◆ PROVIDED DATA:
—————
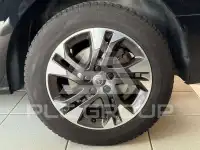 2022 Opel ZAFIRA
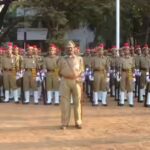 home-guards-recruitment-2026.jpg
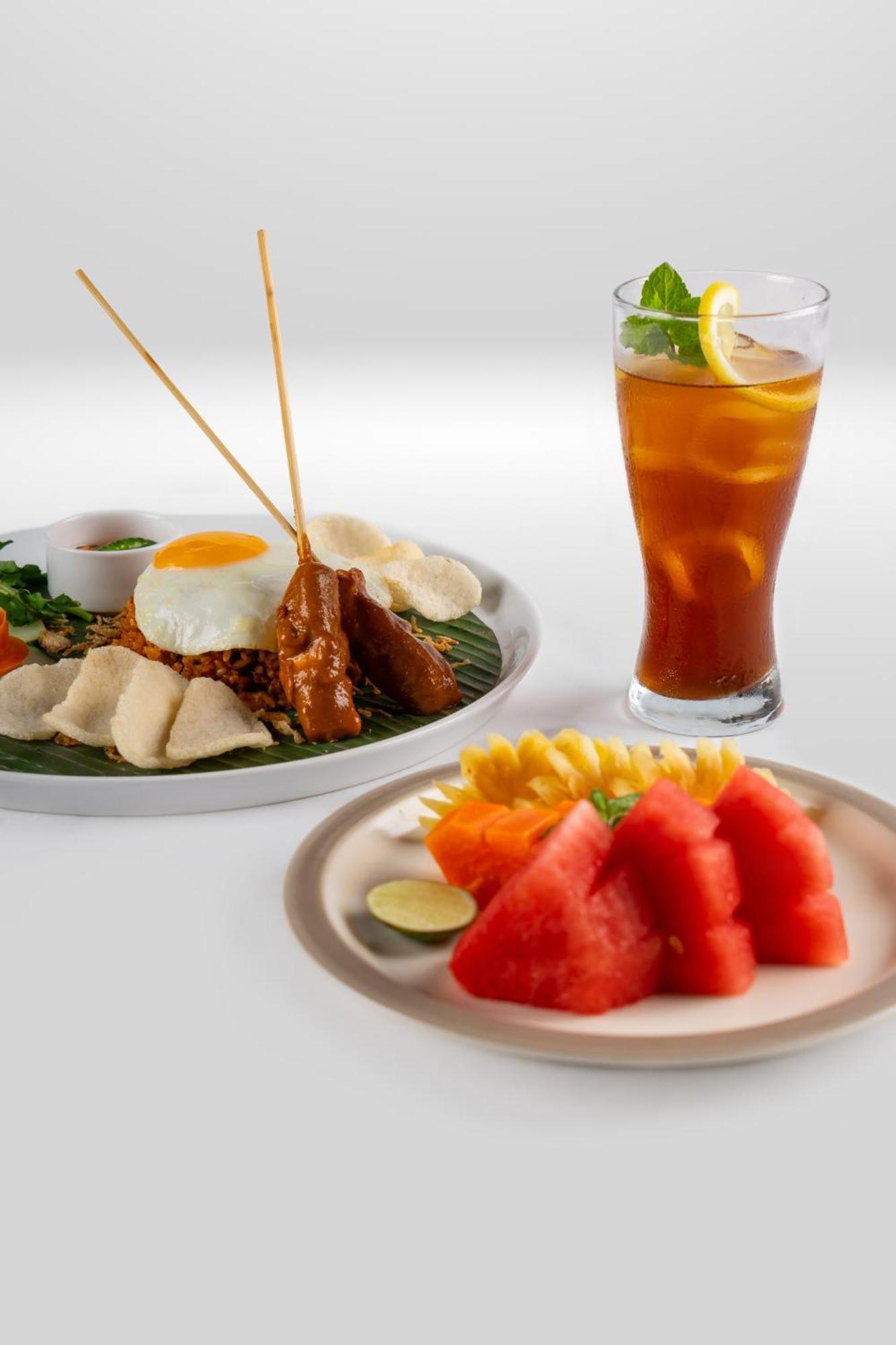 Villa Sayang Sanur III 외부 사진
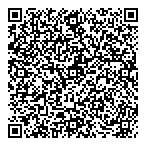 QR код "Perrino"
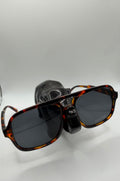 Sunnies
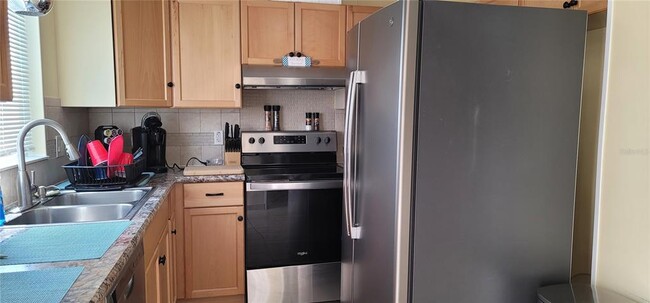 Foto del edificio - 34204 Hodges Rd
—————
◆ REQUIRED WORK: The whole listing above needs to be copied exactly; please keep the pictures out.

◆ RESPONSE:
 2022 Opel ZAFIRA
 home-guards-recruitment-2026.jpg
 Villa Sayang Sanur III 외부 사진
 QR код "Perrino"
 Sunnies
 Foto del edificio - 34204 Hodges Rd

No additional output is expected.